ABOUT THIS EXERCISE:
Copy verbatim the span of lines beginning at the line that contains "Tricker's Silvia Ankle Boots Women's" and ending with the final line of the data. Exclude pictures from the copy.

Captioned web images:
☆ ☆ ☆ ☆ ☆ ☆ ☆

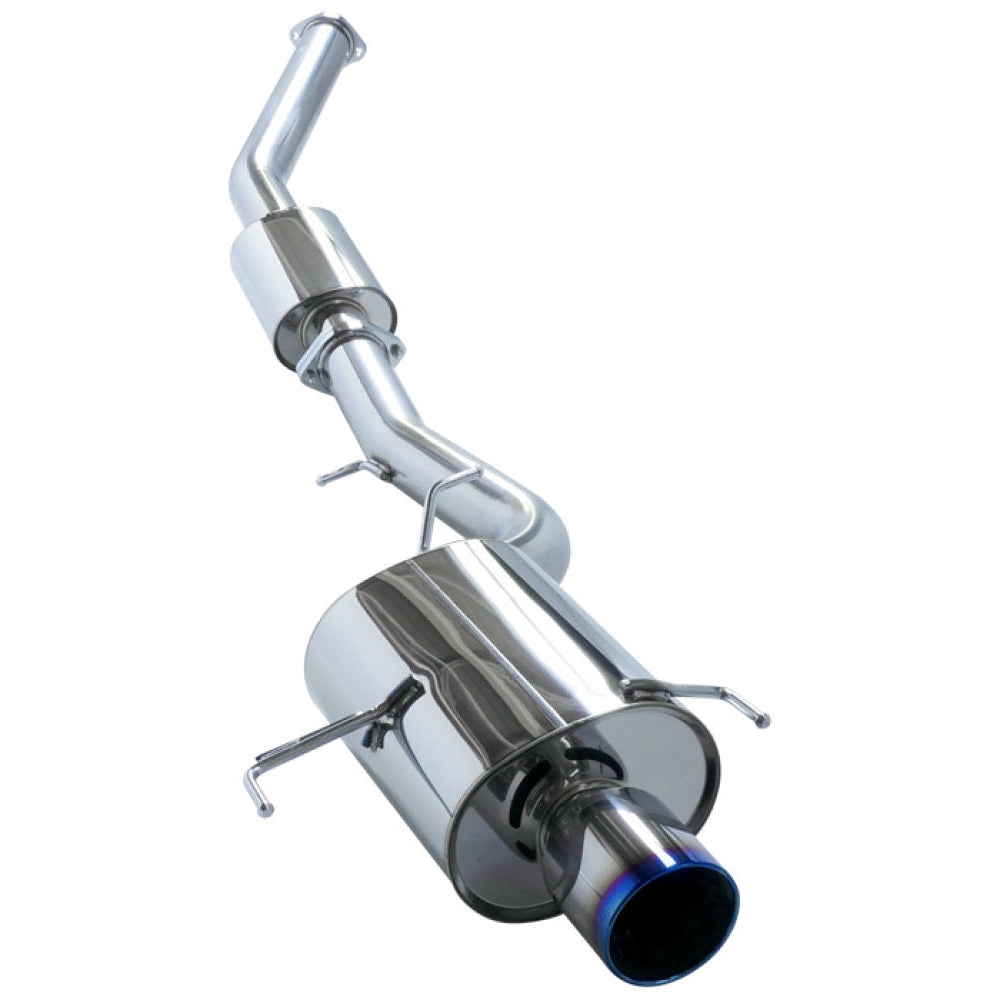 HKS Super Sound Exhaust System - 1995-1998 Nissan R33 GT-R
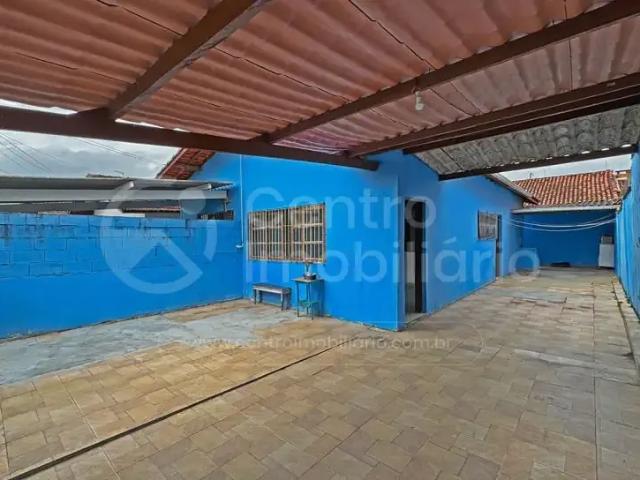 Casa venda em Real, Praia Grande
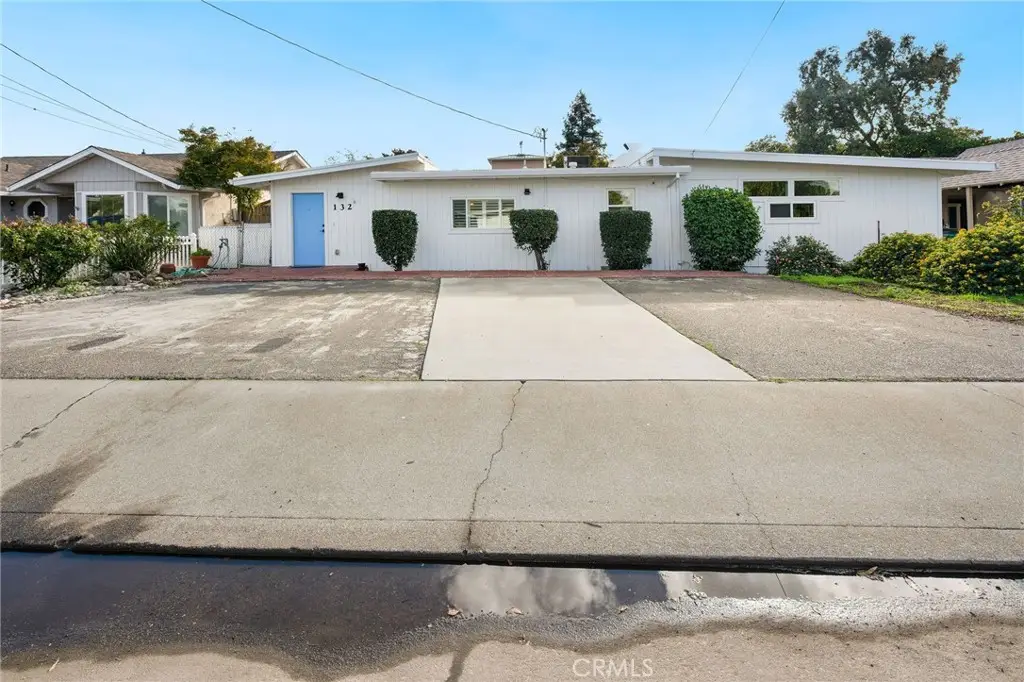 132 E Swift St, Orland, CA 95963 - #1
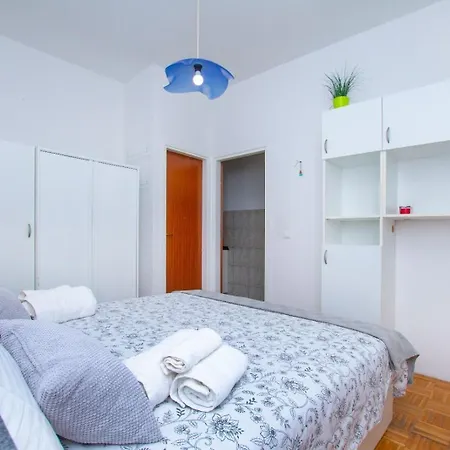 Apartman Maksim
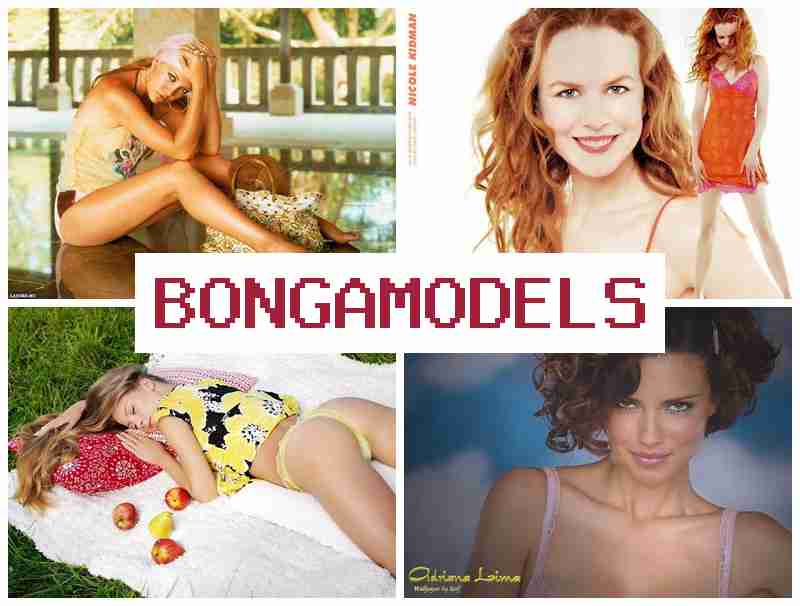 BONVA MODELS █ 재택근무로 시작하는 홈 기반 영상 채팅 모델링, 유연한 근무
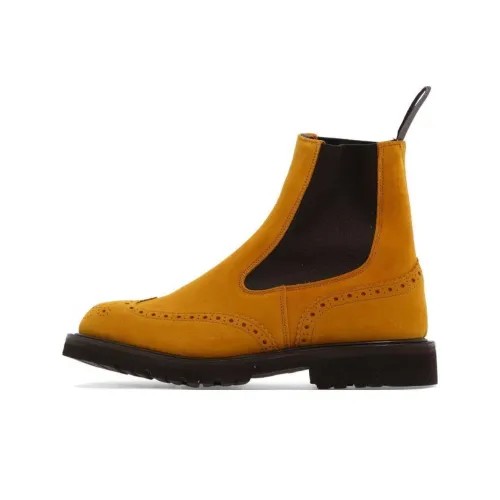 Tricker's Silvia Ankle Boots Women's
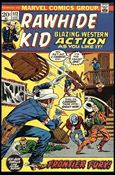 Rawhide Kid (1955) issue 112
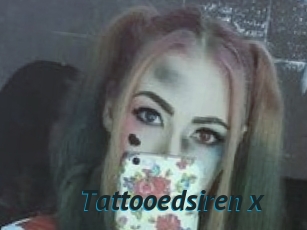 Tattooedsiren_x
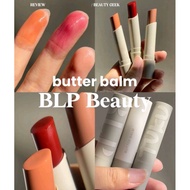 BLP- Butter Balm 3g/ blp butter balm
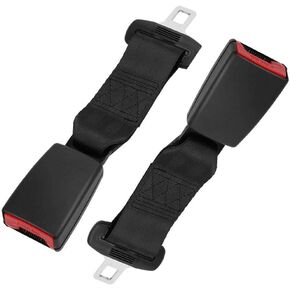 GianBuble Belt Buckle, Replacement shoulder straps for backpacks-Belt Extension -Buckle Up to easy use and comfortable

☆ ☆ ☆ ☆ ☆ ☆ ☆

OUTPUT FOR THIS TASK:
 Tricker's Silvia Ankle Boots Women's
 Rawhide Kid (1955) issue 112
 Tattooedsiren_x
 BLP- Butter Balm 3g/ blp butter balm
 GianBuble Belt Buckle, Replacement shoulder straps for backpacks-Belt Extension -Buckle Up to easy use and comfortable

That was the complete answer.